═══ Material supplied ═══

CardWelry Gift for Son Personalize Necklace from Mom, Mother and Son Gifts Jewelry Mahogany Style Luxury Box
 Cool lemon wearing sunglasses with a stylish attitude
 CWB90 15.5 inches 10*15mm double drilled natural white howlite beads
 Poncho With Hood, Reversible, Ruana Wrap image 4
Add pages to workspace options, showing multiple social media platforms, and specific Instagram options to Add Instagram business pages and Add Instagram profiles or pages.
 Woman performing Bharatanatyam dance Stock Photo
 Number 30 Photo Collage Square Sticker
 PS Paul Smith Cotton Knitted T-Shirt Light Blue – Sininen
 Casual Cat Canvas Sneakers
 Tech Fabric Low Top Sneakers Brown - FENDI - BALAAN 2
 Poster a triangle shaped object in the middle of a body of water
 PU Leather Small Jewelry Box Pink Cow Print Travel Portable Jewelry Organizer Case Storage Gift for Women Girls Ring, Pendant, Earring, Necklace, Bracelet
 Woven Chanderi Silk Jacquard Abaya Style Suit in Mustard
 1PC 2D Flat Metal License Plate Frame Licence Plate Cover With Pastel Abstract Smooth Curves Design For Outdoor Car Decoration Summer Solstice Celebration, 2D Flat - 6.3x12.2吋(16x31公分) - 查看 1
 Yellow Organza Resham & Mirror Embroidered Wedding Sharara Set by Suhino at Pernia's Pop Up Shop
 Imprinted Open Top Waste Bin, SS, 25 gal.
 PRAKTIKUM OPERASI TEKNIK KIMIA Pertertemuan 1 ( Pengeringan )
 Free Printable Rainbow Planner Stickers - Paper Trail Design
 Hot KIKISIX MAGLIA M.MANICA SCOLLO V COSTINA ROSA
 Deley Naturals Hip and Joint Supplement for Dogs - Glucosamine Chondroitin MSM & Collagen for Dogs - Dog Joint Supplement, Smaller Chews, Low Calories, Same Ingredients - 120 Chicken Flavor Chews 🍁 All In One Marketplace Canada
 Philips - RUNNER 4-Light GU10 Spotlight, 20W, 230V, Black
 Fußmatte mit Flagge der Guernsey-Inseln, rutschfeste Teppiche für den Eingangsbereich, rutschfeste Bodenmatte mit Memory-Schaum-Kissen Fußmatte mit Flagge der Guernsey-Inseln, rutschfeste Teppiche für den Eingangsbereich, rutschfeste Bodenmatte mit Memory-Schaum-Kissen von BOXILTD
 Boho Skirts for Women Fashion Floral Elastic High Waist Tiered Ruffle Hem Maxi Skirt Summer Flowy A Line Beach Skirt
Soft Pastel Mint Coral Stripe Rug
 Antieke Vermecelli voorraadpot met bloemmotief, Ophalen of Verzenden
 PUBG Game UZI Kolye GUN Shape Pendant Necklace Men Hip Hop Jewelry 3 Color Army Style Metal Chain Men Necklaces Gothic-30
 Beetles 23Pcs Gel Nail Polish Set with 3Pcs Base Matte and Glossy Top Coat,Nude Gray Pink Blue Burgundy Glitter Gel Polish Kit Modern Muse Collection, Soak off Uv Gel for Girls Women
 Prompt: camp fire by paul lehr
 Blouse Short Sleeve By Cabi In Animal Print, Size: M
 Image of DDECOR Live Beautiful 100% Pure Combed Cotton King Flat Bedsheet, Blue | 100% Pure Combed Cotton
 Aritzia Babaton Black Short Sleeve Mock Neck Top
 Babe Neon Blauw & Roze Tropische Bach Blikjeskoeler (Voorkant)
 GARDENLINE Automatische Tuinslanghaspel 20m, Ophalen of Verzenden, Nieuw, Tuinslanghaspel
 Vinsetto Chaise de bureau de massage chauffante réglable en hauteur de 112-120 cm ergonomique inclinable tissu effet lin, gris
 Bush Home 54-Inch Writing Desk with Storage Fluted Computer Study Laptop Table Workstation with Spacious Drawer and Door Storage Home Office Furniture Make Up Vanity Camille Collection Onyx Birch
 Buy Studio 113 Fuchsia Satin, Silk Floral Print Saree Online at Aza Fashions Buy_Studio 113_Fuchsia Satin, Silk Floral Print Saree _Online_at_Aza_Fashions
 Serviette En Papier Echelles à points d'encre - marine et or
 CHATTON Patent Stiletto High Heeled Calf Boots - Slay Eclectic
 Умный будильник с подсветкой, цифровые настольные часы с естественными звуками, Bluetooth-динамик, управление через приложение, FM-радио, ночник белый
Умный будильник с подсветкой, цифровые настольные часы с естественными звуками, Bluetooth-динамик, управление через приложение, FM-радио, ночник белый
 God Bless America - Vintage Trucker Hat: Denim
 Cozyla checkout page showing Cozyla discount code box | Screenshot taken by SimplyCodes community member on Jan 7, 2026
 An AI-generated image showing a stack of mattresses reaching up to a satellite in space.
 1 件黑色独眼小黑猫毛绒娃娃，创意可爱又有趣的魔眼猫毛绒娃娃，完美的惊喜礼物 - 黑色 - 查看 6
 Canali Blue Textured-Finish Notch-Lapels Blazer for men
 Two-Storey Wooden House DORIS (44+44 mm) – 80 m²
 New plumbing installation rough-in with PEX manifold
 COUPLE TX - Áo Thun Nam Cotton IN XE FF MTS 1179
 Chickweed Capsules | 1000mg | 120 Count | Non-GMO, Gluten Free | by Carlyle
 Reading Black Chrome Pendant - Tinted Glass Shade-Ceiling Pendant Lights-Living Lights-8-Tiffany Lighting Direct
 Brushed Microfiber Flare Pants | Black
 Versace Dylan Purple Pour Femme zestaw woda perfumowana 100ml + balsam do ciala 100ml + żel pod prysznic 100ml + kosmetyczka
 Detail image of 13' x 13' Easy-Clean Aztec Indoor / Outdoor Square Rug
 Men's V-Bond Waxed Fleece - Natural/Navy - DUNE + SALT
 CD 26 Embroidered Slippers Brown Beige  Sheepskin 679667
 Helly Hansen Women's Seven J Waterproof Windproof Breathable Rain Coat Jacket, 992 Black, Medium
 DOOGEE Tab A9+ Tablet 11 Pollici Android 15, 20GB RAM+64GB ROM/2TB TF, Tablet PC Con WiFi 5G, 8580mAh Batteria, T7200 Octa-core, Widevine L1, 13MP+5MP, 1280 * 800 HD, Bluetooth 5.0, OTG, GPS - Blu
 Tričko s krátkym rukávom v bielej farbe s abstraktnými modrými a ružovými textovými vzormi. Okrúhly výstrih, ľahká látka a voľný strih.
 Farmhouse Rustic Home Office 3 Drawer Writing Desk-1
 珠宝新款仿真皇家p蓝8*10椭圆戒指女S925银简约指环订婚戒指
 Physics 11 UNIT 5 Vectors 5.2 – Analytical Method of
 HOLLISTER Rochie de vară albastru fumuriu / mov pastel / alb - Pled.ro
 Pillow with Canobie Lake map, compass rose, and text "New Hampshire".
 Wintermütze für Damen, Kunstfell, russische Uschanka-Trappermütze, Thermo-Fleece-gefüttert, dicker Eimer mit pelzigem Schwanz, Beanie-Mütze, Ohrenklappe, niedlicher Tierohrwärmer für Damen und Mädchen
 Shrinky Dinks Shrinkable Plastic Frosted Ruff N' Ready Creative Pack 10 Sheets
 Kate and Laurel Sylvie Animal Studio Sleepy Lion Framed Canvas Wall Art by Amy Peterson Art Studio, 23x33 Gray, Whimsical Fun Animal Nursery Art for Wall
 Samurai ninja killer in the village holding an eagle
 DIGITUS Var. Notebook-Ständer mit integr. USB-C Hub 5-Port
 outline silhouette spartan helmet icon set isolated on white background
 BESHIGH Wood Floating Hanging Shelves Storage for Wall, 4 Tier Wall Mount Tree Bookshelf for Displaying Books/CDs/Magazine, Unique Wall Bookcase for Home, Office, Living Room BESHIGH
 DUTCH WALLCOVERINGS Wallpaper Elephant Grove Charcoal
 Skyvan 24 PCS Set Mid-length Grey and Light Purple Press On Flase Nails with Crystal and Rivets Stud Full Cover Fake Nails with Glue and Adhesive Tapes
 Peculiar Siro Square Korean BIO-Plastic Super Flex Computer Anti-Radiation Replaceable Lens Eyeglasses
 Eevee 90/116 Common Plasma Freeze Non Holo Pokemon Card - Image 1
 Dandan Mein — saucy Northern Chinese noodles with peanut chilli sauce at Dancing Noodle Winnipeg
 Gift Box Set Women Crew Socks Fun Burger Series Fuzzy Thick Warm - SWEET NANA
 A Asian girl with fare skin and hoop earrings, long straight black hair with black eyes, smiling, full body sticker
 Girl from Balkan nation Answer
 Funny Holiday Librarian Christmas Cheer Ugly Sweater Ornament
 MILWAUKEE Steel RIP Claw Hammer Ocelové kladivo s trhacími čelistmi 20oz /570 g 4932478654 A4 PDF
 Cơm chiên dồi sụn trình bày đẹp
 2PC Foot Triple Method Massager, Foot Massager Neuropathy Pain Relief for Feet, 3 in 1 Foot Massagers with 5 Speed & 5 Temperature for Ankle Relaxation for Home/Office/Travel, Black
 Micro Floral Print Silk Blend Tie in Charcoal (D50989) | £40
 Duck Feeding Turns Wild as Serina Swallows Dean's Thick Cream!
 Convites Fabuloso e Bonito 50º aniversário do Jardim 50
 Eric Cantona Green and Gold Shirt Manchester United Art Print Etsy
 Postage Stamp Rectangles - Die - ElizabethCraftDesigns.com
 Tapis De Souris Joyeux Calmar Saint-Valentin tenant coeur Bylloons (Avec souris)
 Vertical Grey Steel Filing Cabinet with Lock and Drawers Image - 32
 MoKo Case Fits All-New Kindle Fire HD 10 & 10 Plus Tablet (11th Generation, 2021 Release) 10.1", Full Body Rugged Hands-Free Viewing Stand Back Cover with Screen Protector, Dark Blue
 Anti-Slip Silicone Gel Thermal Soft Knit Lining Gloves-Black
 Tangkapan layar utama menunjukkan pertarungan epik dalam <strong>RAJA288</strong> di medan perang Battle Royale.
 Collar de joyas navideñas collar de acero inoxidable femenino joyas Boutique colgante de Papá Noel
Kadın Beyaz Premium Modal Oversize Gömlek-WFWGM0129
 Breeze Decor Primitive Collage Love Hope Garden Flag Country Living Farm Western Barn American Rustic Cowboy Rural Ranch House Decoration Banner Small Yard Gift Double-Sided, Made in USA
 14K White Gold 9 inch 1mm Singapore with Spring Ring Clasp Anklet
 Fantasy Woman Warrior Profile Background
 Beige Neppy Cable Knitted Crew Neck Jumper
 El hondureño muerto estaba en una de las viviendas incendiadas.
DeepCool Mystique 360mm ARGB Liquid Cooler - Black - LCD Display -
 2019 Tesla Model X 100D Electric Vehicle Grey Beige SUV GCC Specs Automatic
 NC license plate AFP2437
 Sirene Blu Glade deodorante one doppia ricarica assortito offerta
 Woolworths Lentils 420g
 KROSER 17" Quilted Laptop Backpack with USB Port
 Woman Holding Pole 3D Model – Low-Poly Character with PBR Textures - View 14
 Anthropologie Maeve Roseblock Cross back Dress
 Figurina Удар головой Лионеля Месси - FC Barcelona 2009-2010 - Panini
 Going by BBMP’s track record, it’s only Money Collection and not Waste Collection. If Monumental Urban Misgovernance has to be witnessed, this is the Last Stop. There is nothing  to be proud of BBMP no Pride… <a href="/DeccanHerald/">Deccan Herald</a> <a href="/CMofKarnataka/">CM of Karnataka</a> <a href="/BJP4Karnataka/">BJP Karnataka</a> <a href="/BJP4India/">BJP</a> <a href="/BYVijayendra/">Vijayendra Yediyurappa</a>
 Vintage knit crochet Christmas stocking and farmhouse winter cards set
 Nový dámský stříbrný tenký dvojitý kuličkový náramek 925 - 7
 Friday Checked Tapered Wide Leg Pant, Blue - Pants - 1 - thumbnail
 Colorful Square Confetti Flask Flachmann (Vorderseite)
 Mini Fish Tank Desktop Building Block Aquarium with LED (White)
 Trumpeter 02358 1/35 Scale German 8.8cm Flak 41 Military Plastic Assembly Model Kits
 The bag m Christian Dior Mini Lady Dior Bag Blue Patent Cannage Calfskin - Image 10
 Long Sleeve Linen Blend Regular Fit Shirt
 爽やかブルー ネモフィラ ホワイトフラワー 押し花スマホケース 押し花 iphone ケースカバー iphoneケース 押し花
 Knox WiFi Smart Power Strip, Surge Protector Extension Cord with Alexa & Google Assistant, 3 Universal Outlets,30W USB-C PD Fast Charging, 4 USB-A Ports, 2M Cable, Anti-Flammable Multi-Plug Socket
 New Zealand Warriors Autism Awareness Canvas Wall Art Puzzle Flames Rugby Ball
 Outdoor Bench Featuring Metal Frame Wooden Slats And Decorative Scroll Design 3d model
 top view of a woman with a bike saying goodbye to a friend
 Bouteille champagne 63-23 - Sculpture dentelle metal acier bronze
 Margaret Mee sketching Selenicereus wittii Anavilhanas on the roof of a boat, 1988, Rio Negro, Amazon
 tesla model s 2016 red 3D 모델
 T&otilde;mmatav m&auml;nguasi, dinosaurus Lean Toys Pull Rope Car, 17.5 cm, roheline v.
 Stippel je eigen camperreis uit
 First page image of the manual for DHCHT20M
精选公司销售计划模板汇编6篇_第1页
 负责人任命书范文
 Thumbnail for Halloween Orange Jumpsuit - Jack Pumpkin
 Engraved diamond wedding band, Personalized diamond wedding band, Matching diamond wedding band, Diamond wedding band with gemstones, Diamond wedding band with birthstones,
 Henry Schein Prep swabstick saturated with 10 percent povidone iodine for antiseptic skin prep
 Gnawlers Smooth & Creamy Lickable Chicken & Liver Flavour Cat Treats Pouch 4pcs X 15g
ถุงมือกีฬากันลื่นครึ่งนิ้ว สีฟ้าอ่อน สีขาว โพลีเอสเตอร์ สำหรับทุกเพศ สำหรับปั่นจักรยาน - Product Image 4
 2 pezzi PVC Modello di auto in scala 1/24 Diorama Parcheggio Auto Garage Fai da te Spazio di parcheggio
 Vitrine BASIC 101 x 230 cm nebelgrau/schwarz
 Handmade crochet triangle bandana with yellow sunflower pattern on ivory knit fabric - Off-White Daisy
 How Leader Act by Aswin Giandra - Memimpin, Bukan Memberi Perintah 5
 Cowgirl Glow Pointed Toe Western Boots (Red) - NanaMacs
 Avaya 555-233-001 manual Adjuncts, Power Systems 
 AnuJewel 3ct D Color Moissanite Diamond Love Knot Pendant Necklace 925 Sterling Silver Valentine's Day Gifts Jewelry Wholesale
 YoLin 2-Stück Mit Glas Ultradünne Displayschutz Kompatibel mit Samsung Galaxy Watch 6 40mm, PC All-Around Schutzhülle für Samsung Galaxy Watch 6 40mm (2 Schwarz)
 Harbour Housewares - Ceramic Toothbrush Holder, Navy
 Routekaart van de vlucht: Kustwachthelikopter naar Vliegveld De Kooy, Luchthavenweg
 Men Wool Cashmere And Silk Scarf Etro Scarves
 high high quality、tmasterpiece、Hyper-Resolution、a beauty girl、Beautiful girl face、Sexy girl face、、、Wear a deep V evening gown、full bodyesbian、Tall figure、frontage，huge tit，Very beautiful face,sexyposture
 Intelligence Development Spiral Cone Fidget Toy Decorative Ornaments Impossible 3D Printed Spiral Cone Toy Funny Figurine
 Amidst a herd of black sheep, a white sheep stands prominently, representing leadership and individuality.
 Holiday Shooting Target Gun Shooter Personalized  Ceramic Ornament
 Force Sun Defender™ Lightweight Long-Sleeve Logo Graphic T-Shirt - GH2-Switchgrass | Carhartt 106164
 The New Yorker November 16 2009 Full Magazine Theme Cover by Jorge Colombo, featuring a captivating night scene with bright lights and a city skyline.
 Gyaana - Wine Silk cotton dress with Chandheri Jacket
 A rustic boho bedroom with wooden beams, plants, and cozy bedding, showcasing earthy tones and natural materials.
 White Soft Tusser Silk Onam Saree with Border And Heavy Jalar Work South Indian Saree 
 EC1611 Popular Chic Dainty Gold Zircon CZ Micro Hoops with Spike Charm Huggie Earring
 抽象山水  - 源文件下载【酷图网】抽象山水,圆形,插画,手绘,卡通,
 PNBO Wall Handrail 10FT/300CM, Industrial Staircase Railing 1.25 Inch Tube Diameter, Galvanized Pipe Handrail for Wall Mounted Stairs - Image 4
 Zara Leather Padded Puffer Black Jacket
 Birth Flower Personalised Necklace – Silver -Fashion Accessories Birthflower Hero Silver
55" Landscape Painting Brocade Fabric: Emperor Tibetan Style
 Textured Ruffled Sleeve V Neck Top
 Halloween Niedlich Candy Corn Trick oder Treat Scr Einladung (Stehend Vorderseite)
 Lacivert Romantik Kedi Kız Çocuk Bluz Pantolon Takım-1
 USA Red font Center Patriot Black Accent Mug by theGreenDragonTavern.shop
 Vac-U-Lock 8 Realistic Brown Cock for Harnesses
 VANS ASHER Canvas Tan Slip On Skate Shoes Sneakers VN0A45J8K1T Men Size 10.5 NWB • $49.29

═══

▶ **Activity**: Above are the records; from them, give again exactly the lines from the one containing "Mini Fish Tank" to the one containing "爽やかブルー ネモフィラ ホワイトフラワー", both lines included, and nothing more.

▶ **Exercise answer**:
 Mini Fish Tank Desktop Building Block Aquarium with LED (White)
 Trumpeter 02358 1/35 Scale German 8.8cm Flak 41 Military Plastic Assembly Model Kits
 The bag m Christian Dior Mini Lady Dior Bag Blue Patent Cannage Calfskin - Image 10
 Long Sleeve Linen Blend Regular Fit Shirt
 爽やかブルー ネモフィラ ホワイトフラワー 押し花スマホケース 押し花 iphone ケースカバー iphoneケース 押し花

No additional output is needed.